__Exercise directions__. The lines from the one containing "parimatch casino login india" through the final line of the data below must be written out exactly, both included, and nothing more.

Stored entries
== Segment start ==

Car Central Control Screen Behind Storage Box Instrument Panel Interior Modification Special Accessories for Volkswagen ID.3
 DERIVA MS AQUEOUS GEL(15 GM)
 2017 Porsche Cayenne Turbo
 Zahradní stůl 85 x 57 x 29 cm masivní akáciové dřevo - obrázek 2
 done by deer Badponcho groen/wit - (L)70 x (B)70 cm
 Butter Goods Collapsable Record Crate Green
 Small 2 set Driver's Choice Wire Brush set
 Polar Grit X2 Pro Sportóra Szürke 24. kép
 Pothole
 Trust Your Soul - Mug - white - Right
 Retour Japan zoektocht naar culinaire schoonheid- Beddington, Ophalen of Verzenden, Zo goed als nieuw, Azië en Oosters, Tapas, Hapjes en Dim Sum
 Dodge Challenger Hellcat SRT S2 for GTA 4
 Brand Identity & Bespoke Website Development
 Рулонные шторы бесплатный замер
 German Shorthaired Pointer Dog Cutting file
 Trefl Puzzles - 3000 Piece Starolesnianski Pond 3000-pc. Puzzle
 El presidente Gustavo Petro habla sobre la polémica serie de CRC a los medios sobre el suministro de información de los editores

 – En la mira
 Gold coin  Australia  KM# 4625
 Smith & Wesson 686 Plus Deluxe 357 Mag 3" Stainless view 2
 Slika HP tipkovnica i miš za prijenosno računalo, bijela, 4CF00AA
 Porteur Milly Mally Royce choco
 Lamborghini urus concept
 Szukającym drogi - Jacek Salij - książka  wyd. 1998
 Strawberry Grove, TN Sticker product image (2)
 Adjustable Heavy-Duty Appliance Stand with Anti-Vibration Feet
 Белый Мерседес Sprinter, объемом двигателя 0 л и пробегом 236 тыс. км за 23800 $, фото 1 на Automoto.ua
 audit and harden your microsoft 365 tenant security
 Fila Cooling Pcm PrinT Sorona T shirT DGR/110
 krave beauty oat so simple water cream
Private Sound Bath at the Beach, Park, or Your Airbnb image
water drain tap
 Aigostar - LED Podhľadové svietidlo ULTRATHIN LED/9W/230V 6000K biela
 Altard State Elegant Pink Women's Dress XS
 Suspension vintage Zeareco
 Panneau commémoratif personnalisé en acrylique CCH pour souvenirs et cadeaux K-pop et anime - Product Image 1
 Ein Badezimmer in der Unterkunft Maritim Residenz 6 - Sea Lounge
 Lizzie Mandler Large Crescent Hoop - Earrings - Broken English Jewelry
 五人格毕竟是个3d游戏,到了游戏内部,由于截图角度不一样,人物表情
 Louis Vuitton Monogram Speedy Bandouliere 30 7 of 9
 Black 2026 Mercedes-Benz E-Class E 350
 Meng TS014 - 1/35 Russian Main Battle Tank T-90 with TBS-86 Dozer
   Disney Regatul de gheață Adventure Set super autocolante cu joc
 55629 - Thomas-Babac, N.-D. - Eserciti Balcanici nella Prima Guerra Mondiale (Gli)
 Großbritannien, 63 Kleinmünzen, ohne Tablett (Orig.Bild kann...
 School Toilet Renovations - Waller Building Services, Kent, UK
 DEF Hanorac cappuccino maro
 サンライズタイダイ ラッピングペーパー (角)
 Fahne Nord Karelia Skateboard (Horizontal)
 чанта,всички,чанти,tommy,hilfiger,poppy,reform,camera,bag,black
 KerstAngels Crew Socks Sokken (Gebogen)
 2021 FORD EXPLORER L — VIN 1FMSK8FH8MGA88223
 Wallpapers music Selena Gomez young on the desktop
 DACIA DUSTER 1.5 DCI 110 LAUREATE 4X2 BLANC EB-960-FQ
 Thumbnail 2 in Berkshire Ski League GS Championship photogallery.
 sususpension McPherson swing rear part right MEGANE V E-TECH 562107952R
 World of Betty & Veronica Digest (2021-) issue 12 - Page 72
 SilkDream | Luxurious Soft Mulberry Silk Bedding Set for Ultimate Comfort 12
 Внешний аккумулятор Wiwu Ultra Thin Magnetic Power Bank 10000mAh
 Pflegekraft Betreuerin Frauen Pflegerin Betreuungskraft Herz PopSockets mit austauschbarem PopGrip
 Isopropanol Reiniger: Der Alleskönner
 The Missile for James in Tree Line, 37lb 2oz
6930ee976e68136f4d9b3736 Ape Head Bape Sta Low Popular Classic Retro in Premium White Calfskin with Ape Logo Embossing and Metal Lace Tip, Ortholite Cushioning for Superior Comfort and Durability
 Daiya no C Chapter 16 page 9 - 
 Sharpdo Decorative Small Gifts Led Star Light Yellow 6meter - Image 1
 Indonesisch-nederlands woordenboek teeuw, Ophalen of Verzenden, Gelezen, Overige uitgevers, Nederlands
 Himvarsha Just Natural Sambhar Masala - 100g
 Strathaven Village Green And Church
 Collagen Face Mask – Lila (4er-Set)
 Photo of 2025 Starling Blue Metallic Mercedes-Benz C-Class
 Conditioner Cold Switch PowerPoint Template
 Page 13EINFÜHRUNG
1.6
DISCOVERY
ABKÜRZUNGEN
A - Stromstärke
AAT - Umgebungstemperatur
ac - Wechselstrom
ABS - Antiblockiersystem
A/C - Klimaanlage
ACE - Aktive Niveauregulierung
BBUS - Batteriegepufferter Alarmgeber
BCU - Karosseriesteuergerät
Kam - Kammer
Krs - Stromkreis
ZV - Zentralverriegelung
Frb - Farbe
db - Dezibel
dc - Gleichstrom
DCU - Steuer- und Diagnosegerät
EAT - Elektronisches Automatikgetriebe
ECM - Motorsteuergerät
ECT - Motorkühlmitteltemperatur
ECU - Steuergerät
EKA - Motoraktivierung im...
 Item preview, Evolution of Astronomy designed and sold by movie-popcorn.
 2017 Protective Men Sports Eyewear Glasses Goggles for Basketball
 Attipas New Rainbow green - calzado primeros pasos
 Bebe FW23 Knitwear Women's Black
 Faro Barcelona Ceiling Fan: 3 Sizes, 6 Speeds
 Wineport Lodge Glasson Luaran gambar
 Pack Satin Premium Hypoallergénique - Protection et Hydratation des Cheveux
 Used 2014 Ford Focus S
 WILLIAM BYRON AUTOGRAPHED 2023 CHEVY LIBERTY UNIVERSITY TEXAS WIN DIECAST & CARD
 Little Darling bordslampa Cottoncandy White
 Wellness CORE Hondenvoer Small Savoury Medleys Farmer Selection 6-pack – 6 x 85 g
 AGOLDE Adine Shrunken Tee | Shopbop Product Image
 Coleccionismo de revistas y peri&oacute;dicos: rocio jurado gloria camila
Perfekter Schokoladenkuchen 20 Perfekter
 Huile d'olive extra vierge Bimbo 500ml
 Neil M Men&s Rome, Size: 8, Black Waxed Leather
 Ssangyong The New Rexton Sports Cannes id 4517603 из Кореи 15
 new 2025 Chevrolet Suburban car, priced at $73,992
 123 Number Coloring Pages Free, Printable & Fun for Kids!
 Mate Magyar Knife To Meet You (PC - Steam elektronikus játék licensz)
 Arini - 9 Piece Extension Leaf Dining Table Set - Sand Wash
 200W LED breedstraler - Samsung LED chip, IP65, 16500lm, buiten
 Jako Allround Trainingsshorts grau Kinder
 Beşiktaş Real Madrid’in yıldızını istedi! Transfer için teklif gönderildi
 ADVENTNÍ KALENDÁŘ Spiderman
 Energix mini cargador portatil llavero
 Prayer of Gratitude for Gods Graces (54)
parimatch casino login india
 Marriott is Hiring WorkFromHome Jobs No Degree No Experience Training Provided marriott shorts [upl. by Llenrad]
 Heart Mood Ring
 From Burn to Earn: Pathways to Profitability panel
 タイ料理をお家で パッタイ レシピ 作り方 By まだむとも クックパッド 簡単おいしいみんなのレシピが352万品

== Segment end ==

__Output__.
parimatch casino login india
 Marriott is Hiring WorkFromHome Jobs No Degree No Experience Training Provided marriott shorts [upl. by Llenrad]
 Heart Mood Ring
 From Burn to Earn: Pathways to Profitability panel
 タイ料理をお家で パッタイ レシピ 作り方 By まだむとも クックパッド 簡単おいしいみんなのレシピが352万品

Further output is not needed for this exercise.